Call 'em black metal if you still feel the need, but at this point VENOM should be considered simply VENOM. There's zilch to this band to align them with EMPEROR, GORGOROTH, BELPHEGOR, MAYHEM or BURZUM other than pentagrams, goats' heads and Lucifer. By now, though, if you haven't yet figured out VENOM's enchantment with Satan has been played like a cartoon figure, well, take a hike, already. The joke goes all the way back to when Clive Archer sang during 1979 and 1980 and went by the outrageous nickname "Jesus Christ."
Head honcho Cronos takes another Hellride with current drummer Danny "Danté" Needham and guitarist Stuart "Rage" Dixon on the band's latest blast of bedlam, "From the Very Depths". What strikes most about VENOM in 2015 is how much they sound tidy and specialized aside from their traditionally nutty selves. Where they pulled the progressive sequences and blaring guitar solos in the middle of the chunky and purposefully grueling "Evil Law" and "Wings of Valkyrie" defies logic in the VENOM-verse, but these augmentations do make the band even more fun than usual.
On the title track, Cronos urges you to bite blasphemy and worship you-know-who during the witching hour. If you know VENOM, you know to just laugh along with Cronos all the way from (and to) the very depths, since to take him seriously is to take Parliament wigs seriously. What's (unintentionally) funnier is all the fret play and scale frivolity emitting from Rage that seems pretty damned odd amidst the dirty bass and clubbing beats behind him. There's a decided in-joke to Rage's scale-happy acumen that makes the rip-snorting speed of "The Death of Rock 'n Roll" all the crazier. Rage's spectacular guitar solo during the slowdown prompts the listener to hone in, but don't get too much over your head with it since Cronos bellows "we're killing King Creole" before barfing all over the end of the cut.

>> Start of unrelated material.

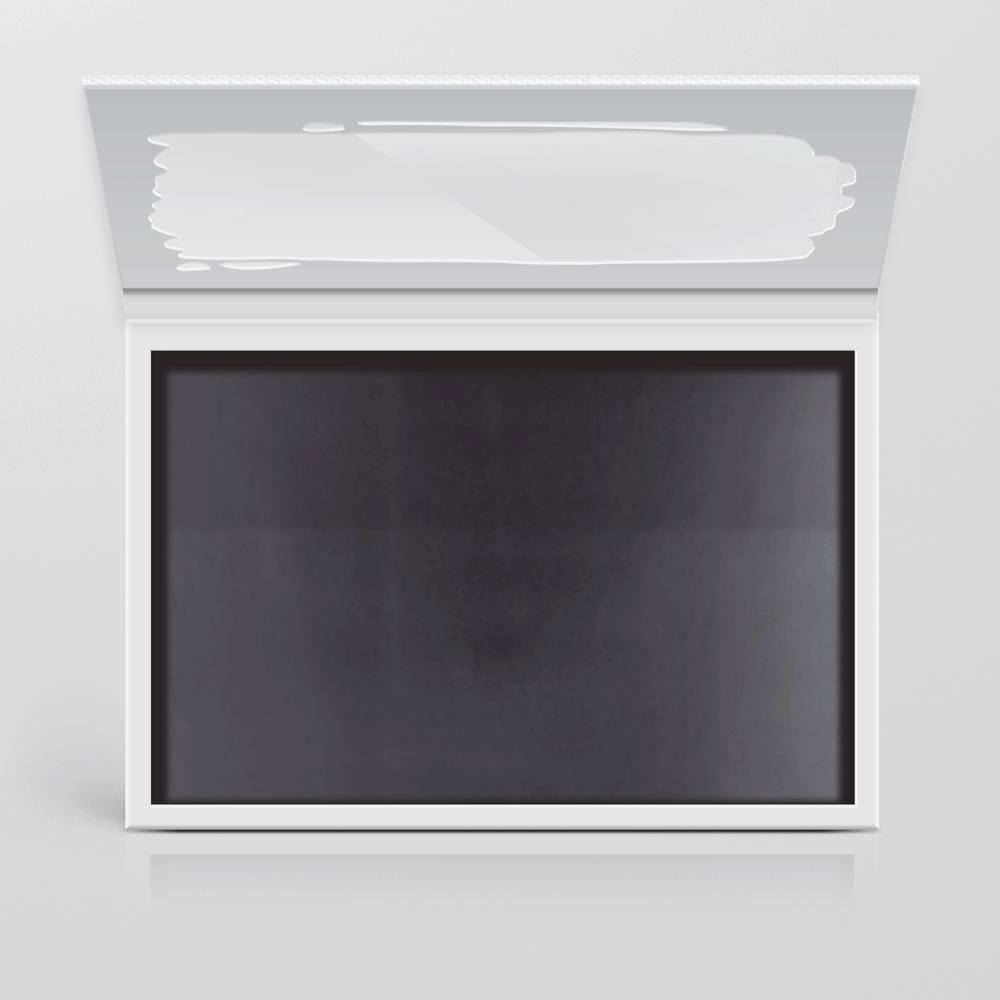 BLANK CANVAS MAGNETIC PALETTE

The slower, wah-kissed march of "Smoke" might be the weirdest VENOM tune in forever, a power metal-meets-stoner blaster that does hit a grooving stride and coaxes a leisurely headbang. Once again, Rage's solo is off-the-chain. As "Temptation" hits a train-chugging tempo from Danté on the verses, the gorier chucks on the choruses meet them head-on. Add another blistering smoker from Rage and damn if this album doesn't begin to sound like it means business with less tongue in the cheek than usual.
Okay, let's not get too carried away. "Long Haired Punks" comes next and whatever you find funnier, the title, Cronos' hysterical ralphing of "demons from Hell, long haired punks", or the chaotic sprint-and-skid methods, the song's an undeniable ass-kicker. Cronos gets to deal up the flash with his railing bass on "Long Haired Punks" even as Rage goes berserk all over the joint for nearly a minute. Wilder still is the punk drive plowing through "Stigmata Satanas" afterwards and if you miss VENOM's intended jibe of turning a would-be black metal number into a crusty punk jam, then you're hanging in the wrong league. Ditto if you don't detect MOTÖRHEAD grooves tilling through "Crucified" like the anti-black metal black metal song it is.
"Grinding Teeth" is another of many songs on "From the Very Depths" that carries as much of a MOTÖRHEAD groove as VENOM itself, and that's why this album is a freaking hoot on top of being a hellishly good brain-buster. Most VENOM fans prefer the filthy din of "Welcome to Hell", "Black Metal" and "In League with Satan" for the trash classics they are. Yet, there's something a smidge more satisfying (in the band's fourth decade, shall we say) in hearing Cronos, Rage and Danté shoot for a touch of refinement upon their jokey clamor.